Jory’s smile held a moment’s sadness, and she squeezed Maggie a little too tight.

“It’s all right,” Maggie assured her. “If one single thing had been different, I might never have run away and found Bash. Now every day’s an adventure. I wouldn’t have it any other way.”

Her cousin peered into her face, as if making sure Maggie meant it. Then she smiled. “You used to be so fearful of freckles. But they suit this beautiful, adventurous face.”

They joined the rest of the family by the bonfire and Finn, the former Shaw Wretch, embraced Maggie. “Congratulations, Magpie,” he whispered, and so there were five who knew about the baby, despite the loose fitting dress and shawl she had donned instead of her usual breeches.

“This one wants a feed, I think,” old Mrs. Leask said, bringing a fussy baby Freddy over, though she was clearly reluctant to part with him so he could nurse.

More likely he was cranky because the milk didn’t hold him long anymore and he wanted some gruel, but Maggie was happy to let him suckle as long as he would.

“Chamomile will help the teething pain,” Ryna said, joining them and putting a necklace of copper coins over Freddy’s head. “Same as it helped your migraine when you hadn’t had enough to drink. ”

“I’ll give him some before I put him down,” Maggie promised, kissing her adopted mother-in-law on the cheek.

They’d been shocked six months before when Bash’s auntie arrived with Constantin, proclaiming that a vision had sent her to help with Freddy’s birth. The labor had been worse than Maggie’s first three combined, and without Jory there, she’d been so very grateful to have Ryna’s steady, calming presence.

Once the baby arrived, Ryna decided to stay through the summer, vowing to return to Kingston when she’d had enough of the cold. Now autumn was encroaching, and still she and Constantin remained.

Maggie hadn’t told them yet they might as well stay another six months rather than leaving and coming back again, but sometimes when she caught Ryna watching her or exchanging a look with Constantin, she supposed they had probably guessed as much.

So perhaps the count was up to seven who knew. Or eight, given the way Mrs. Leask was eyeing her. Mercy, it was hard to keep a secret among this lot.

Then again, anyone who knew Bash could probably tell just by glancing at him. Pure joy radiated off him in delicious waves. If Maggie weren’t already pregnant, that might be enough to make her so.

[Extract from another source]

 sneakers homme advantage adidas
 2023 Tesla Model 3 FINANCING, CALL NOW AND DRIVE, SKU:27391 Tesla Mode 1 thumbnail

She glanced around for him, but he wasn’t there at the fire with the rest.

“He took the children up the hill to the stones, right before they came tearing back down again like a pack of demons,” Ellen said, having returned from her solitary walk with Maggie’s letter, eyes rimmed red and cheeks rosy. She kissed Maggie. “Thank you for writing to me.”

Upon seeing his wife, Silas MacKenzie drifted over, away from the conversation he’d been sharing with Mr. Leask and Captain Constantin .

“Ladies,” he said, in his staid way, hugging Len and tousling a dozing Freddy’s wispy hair.

“Do you want to take him?” Maggie asked, and her brother-in-law’s eyes shone with the memory of his own children’s early days, so she handed the baby off once more. “That’s a good boy,” she cooed. “Go to Uncle Si, and I’ll go find Da.”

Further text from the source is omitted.